* **Provided records**:

###

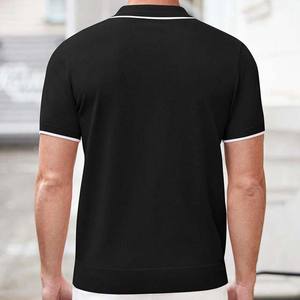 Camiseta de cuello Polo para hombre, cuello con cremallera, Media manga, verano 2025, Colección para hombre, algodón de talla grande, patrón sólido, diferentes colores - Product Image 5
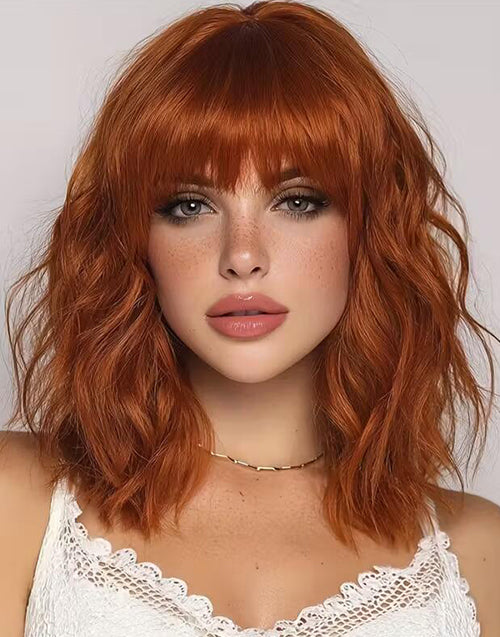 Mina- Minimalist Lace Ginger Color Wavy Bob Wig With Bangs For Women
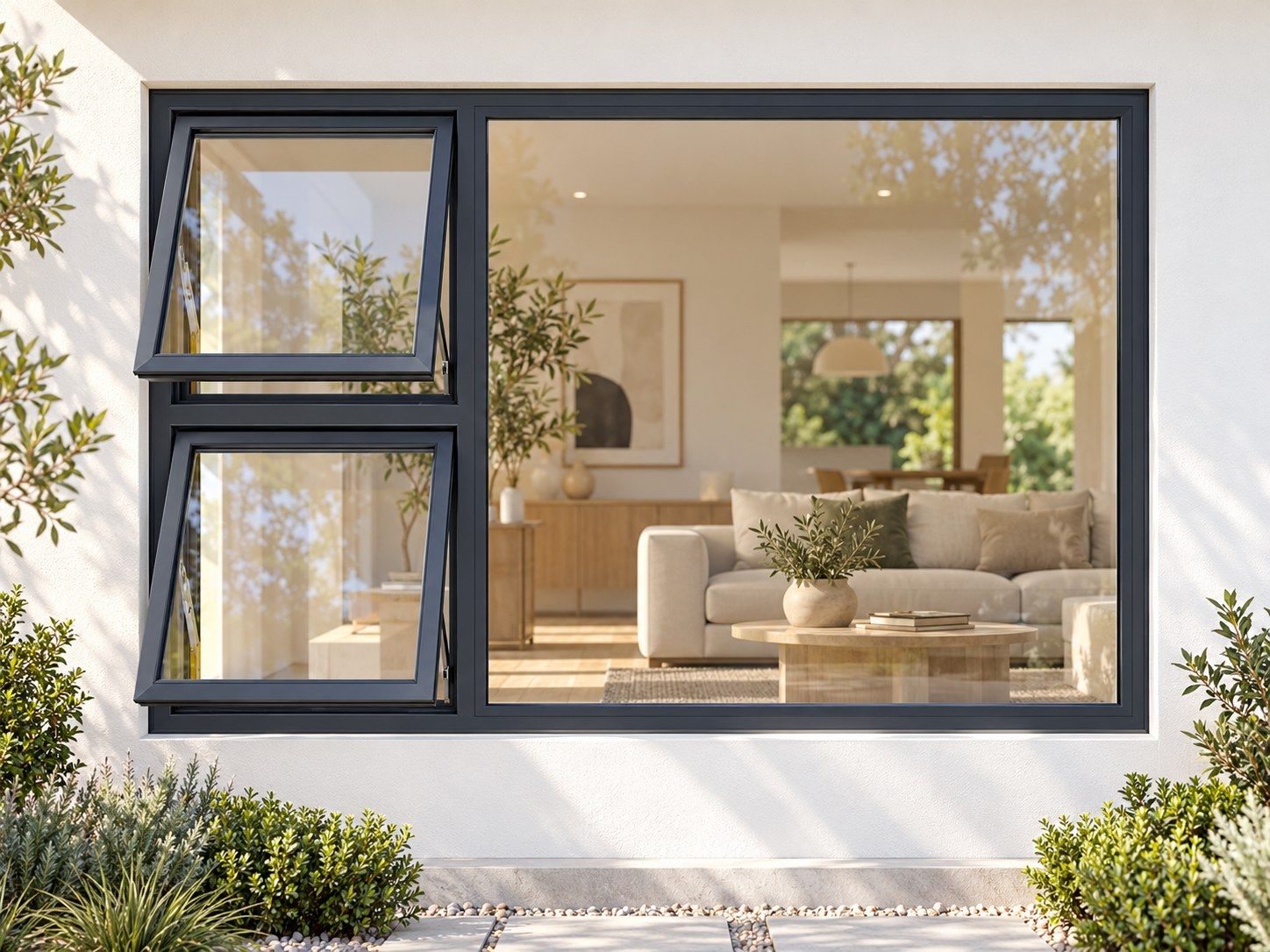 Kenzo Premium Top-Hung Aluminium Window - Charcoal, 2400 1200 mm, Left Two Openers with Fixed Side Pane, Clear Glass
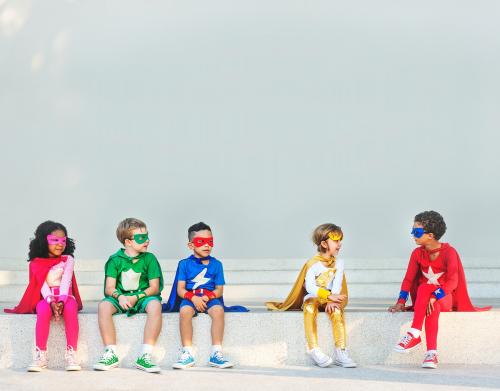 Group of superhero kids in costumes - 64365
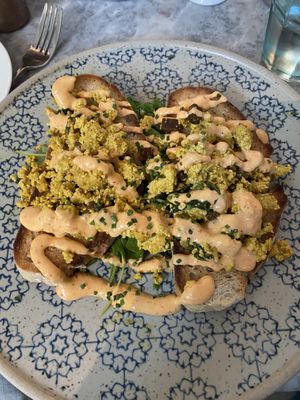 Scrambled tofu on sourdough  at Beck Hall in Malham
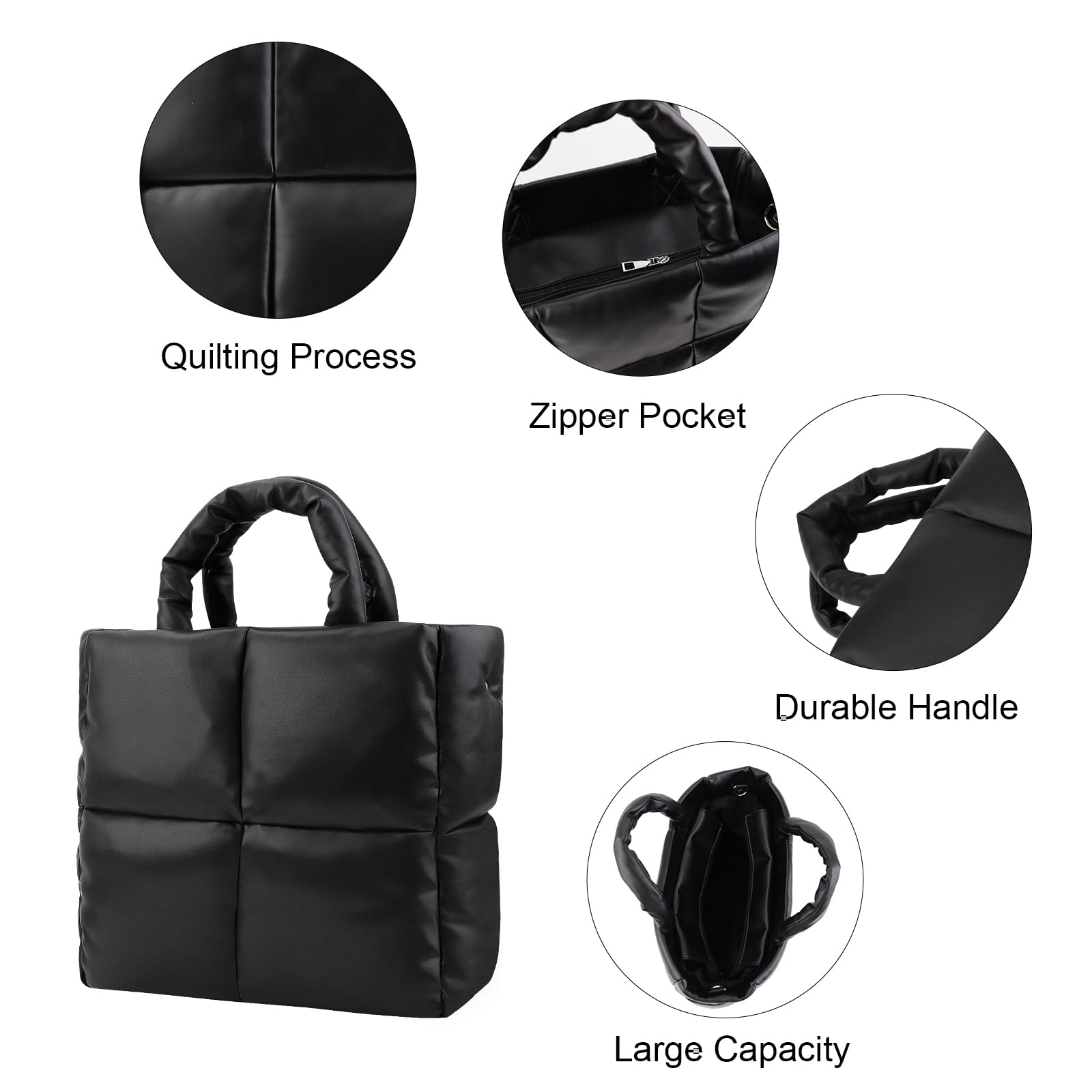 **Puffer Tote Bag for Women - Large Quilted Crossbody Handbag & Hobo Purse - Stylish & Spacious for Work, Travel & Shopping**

###

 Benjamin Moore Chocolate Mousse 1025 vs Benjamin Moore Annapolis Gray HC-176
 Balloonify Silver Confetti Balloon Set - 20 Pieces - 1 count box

###

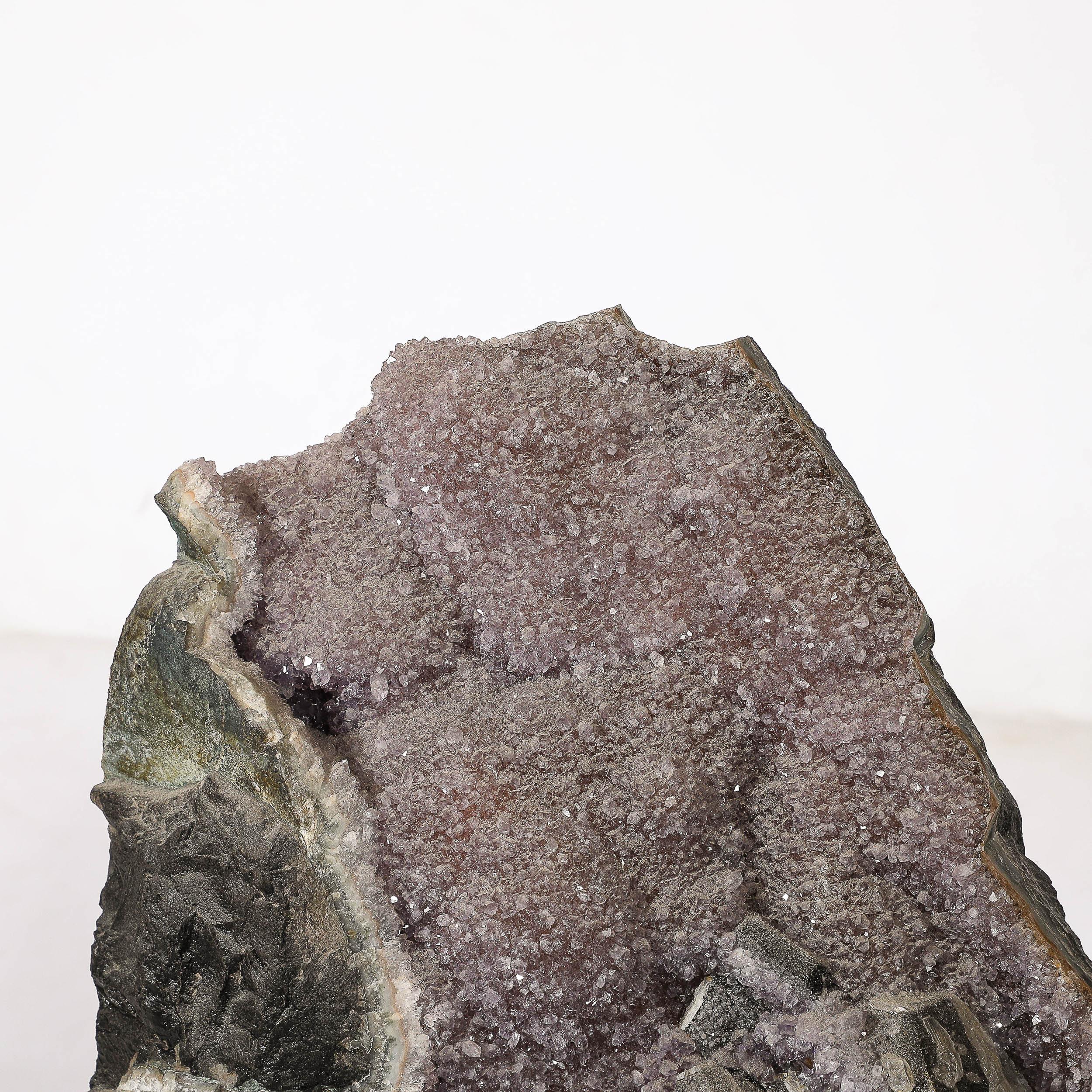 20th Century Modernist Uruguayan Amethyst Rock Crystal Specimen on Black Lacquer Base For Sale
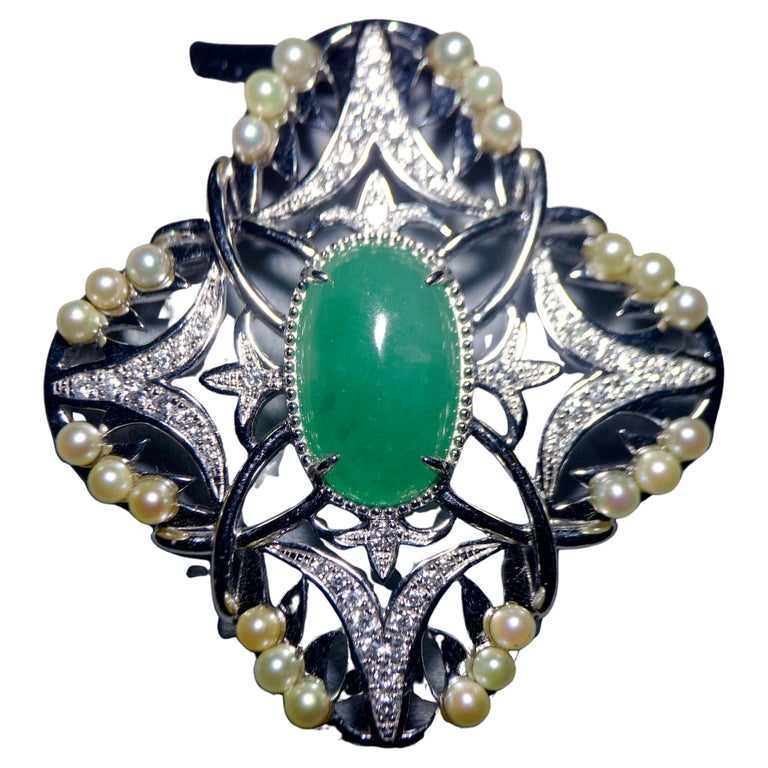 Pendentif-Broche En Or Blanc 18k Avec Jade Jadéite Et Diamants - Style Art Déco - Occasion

###

* **Task item**: For this exercise, set down the lines in the entries above from the one with "Camiseta de cuello" through the one with "Travel & Shopping**" exactly as written, without any pictures.

* **Output for this task**:
 Camiseta de cuello Polo para hombre, cuello con cremallera, Media manga, verano 2025, Colección para hombre, algodón de talla grande, patrón sólido, diferentes colores - Product Image 5
 Mina- Minimalist Lace Ginger Color Wavy Bob Wig With Bangs For Women
 Kenzo Premium Top-Hung Aluminium Window - Charcoal, 2400 1200 mm, Left Two Openers with Fixed Side Pane, Clear Glass
 Group of superhero kids in costumes - 64365
 Scrambled tofu on sourdough  at Beck Hall in Malham
 **Puffer Tote Bag for Women - Large Quilted Crossbody Handbag & Hobo Purse - Stylish & Spacious for Work, Travel & Shopping**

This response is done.